Sample 1: 50 random observations

Population relationship
\(Y_i = 698.93 + -2.28 X_i + u_i\)

Sample relationship
\(\hat{Y}_i = 708.12 + -2.54 X_i\)

Why Sample vs. Population Matters

Sample 2: 50 random individuals

Population relationship
\(Y_i = 698.93 + -2.28 X_i + u_i\)

Sample relationship
\(\hat{Y}_i = 708.12 + -2.54 X_i\)

Why Sample vs. Population Matters

Sample 3: 50 random individuals

Population relationship
\(Y_i = 698.93 + -2.28 X_i + u_i\)

Sample relationship
\(\hat{Y}_i = 708.12 + -2.54 X_i\)

Why Sample vs. Population Matters

  • Let’s repeat this process 10,000 times!

  • This exercise is called a (Monte Carlo) simulation

    • I’ll show you how to do this next class with the infer package

Why Sample vs. Population Matters

  • On average, estimated regression lines from (hypothetical) samples provide an unbiased estimate of true population regression line

\[\mathbb{E}[\hat{\beta}_1] = \beta_1\]

  • But, any individual estimate can miss the mark

  • This leads to uncertainty about our estimated regression line

    • We only have 1 sample in reality!
    • This is why we care about the standard error of our line: \(se(\hat{\beta_1})\)!

Confidence Intervals

Statistical Inference

Sample \(\color{#6A5ACD}{\xrightarrow{\text{statistical inference}}}\) Population \(\color{#e64173}{\xrightarrow{\text{causal indentification}}}\) Unobserved Parameters

  • We want to start inferring what the true population regression model is, using our estimated regression model from our sample

\[\hat{Y_i}=\hat{\beta_0}+\hat{\beta_1}X \color{#6A5ACD}{\xrightarrow{\text{🤞 hopefully 🤞}}} Y_i=\beta_0+\beta_1X+u_i\]

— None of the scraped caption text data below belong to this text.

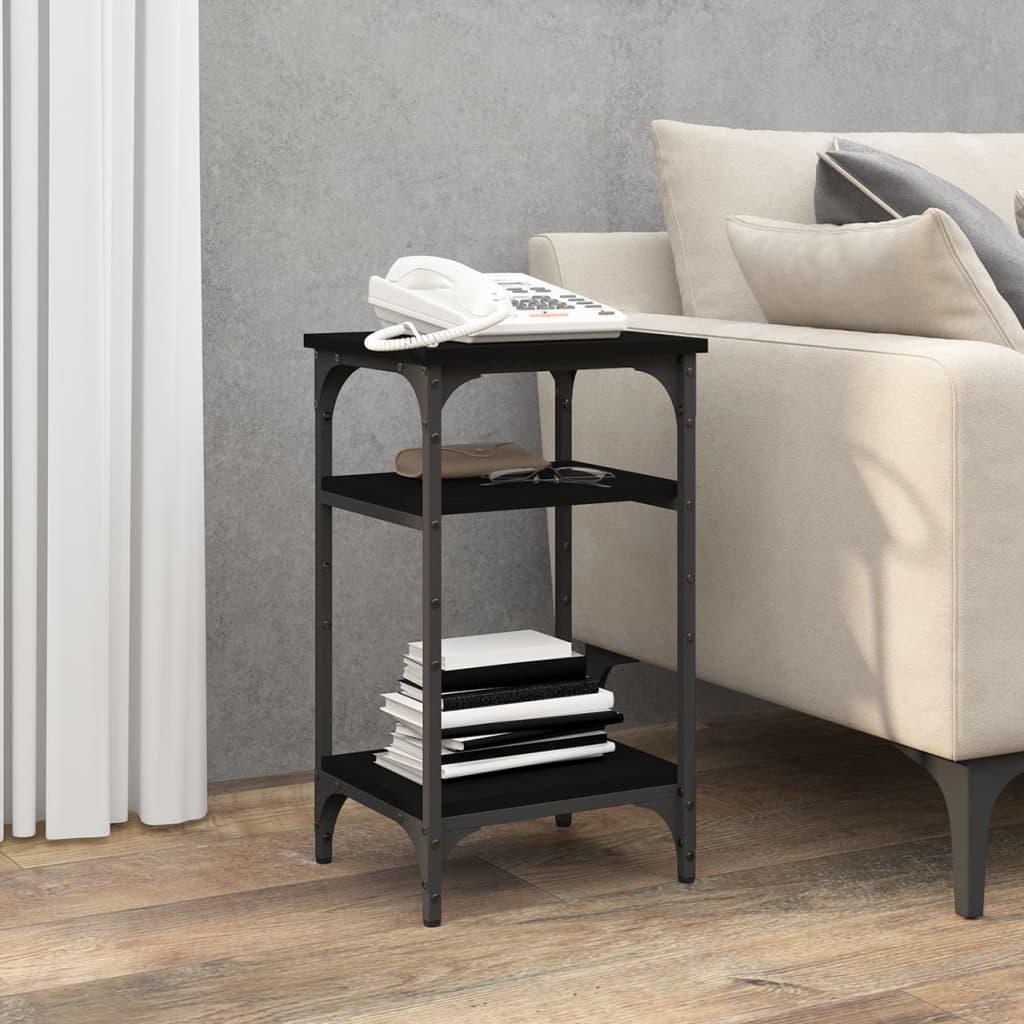 Side Table Engineered Wood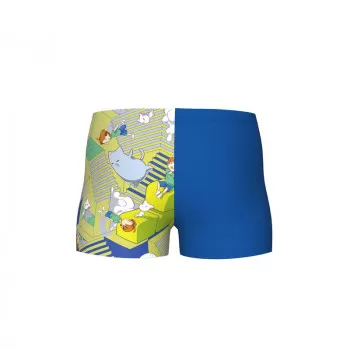 B ARENA FANTASIZE SWIM SHORT 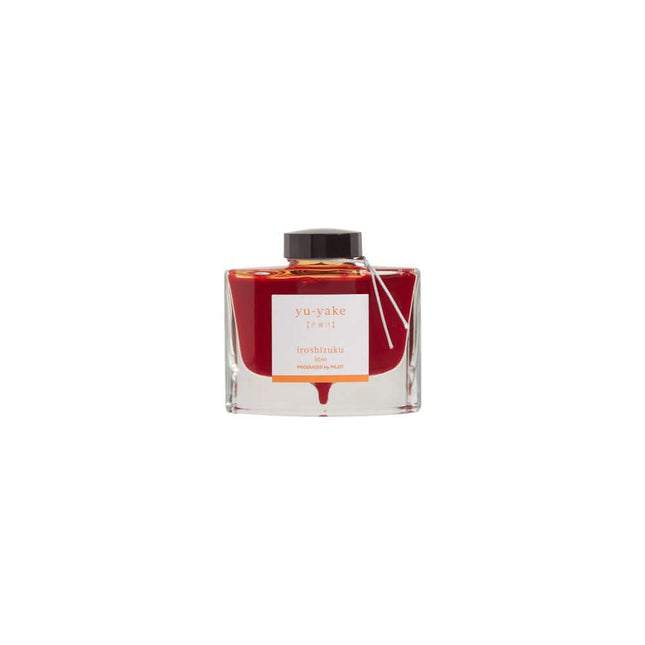 Pilot Iroshizuku Ink Bottle 50ML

  • We can’t yet make causal inferences about whether/how \(X\) causes \(Y\)
    • coming after the midterm!

Estimation and Statistical Inference

  • Our problem with uncertainty is we don’t know whether our sample estimate is close or far from the unknown population parameter

  • But we can use our errors to learn how well our model statistics likely estimate the true parameters

  • Use \(\hat{\beta_1}\) and its standard error, \(se(\hat{\beta_1})\) for statistical inference about true \(\beta_1\)

  • We have two options…

Estimation and Statistical Inference

Point estimate

  • Use our \(\hat{\beta_1}\) & \(se(\hat{\beta_1})\) to determine if statistically significant evidence to reject a hypothesized \(\beta_1\)

Confidence Interval

  • Use our \(\hat{\beta_1}\) & \(se(\hat{\beta_1})\) to create a range of values that gives us a good chance of capturing the true \(\beta_1\)

Accuracy vs. Precision

Generating Confidence Intervals

  • We can generate our confidence interval by generating a “bootstrap” sampling distribution:
    • Take our sample data and resample it many times by selecting random observations and then replacing them
  • This allows us to approximate the sampling distribution of \(\hat{\beta_1}\) by simulation!

Confidence Intervals Using the infer Package

Confidence Intervals Using the infer Package I

  • The infer package allows you to do statistical inference in a tidy way, following the philosophy of the tidyverse
# install.packages("infer")

# load
library(infer)

Confidence Intervals Using the infer Package II

  • infer allows you to run through these steps manually to understand the process:
  1. specify() a model

  2. generate() a bootstrap distribution

  3. calculate() the confidence interval

  4. visualize() with a histogram (optional)

Confidence Intervals Using the infer Package III

Confidence Intervals Using the infer Package III

Confidence Intervals Using the infer Package III

Confidence Intervals Using the infer Package III

Confidence Intervals Using the infer Package III

Bootstrapping

Our Sample

Another “Sample”

👆 Bootstrapped from Our Sample

  • Now we want to do this 1,000 times to simulate the (unknown) sampling distribution of \(\hat{\beta_1}\)

The infer Pipeline: specify()

The infer Pipeline: specify()

Specify

data %>%

specify(y ~ x)

  • Take our data and pipe it into the specify() function, which is essentially a lm() function for regression (for our purposes)
ca_school %>%
  specify(testscr ~ str)

The infer Pipeline: generate()

The infer Pipeline: generate()

Specify

Generate

%>% generate(reps = n, type = "bootstrap")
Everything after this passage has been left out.